Reading Challenge 2014

I came across a good post on Reddit that got me thinking about what some of my goals are for 2014. I’ve already got some fitness goals (first triathlon) as well as personal goals (done with an office job by August). But, being a fairly avid reader when time allows, I thought this was a good idea:

  • The goal is to read as many books as you can written by authors from different US states.

  • An author’s state is the state in which he was born; Hemingway lived in Florida and Idaho, but he was born in Illinois.

Here are the achievement levels, based on number of states “visited” in 2014:

  • Turn Off the Television: 1-5 states visited
  • Homebody: 6-10 states visited
  • Budget Traveler: 11-15 states visited
  • Frequent Flier: 16-20 states visited
  • Pathfinder: 21-25 states visited
  • Lewis and Clark: 26 or more states visited

In a best-case outcome you would read 50 books, roughly one per week. If you don’t think that even 26 is an achievable number, remember that’s just one book every 2 weeks.

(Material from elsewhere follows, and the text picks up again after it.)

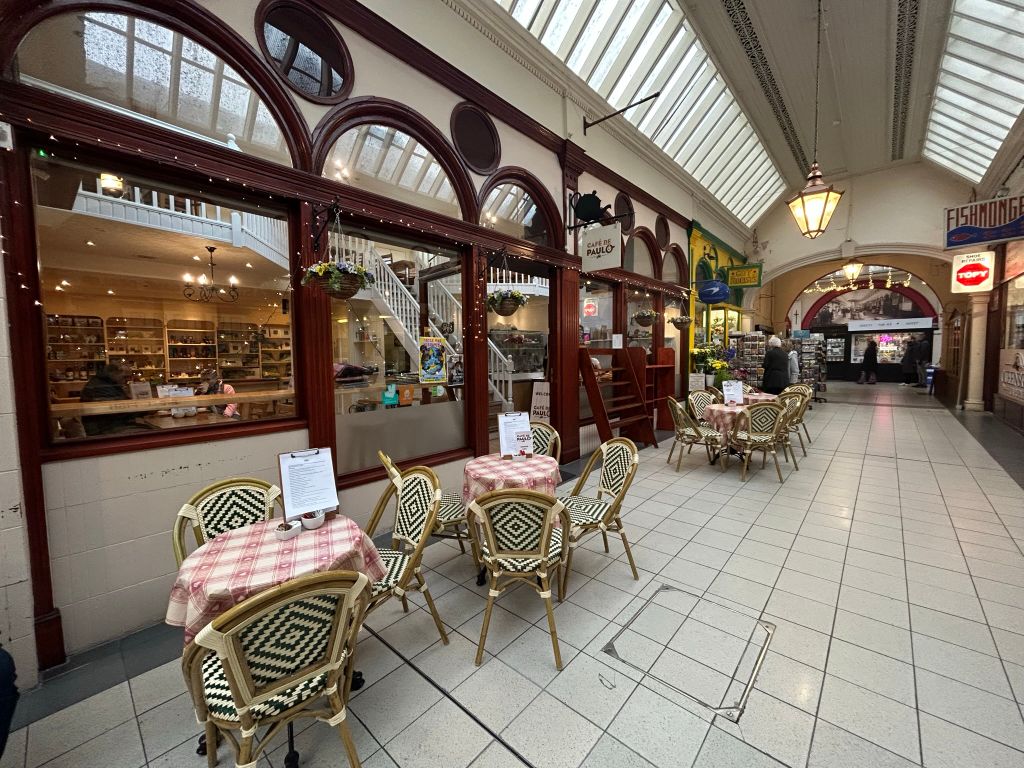 Leisure/hospitality for sale in Queensgate Arcade, Inverness IV1, £200,000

And consider the following partial list of novelists and their home states:

  1. Ernest Hemingway – Illinois
  2. Tom Perrotta – New Jersey
  3. Mark Twain – Missouri
  4. F. Scott Fitzgerald – Minnesota
  5. John Dunning – New York
  6. Dan Jenkins – Texas
  7. Robert B. Parker – Massachusetts
  8. Marisha Pessl – Michigan
  9. Carl Hiaasen – Florida
  10. Stephen King – Maine
  11. Jim Butcher – Missouri
  12. John Steinbeck – California
  13. Dean Koontz – Pennsylvania
  14. Dashiell Hammett – Maryland
  15. John Grisham – Arkansas
  16. Sue Grafton – Kentucky
  17. Laura Moriarty – Hawaii
  18. James Thurber – Ohio
  19. Ray Blackston – South Carolina
  20. S.E. Hinton – Oklahoma
  21. Flannery O’Connor – Georgia

Keep in mind that each state only counts once; Mark Twain and Jim Butcher are both from Missouri, but if you read the entire Dresden series and Tom Sawyer it only counts as one state visited (even if you detoured into Kansas in between). But this also shows the flexibility of this challenge: fans of the classics and fans of Sci-Fi/Fantasy both have options in Missouri.

I doubt I’ll find the time to get myself up to 26 or more, but I’m going to aim for 11-15 – and I’m going to include short stories. Being part of a reading club helps, and although I don’t always end up falling in love with new readings, I’ve found it helpful to branch out into different authors and subject matters. You never know where it will end up affecting your life!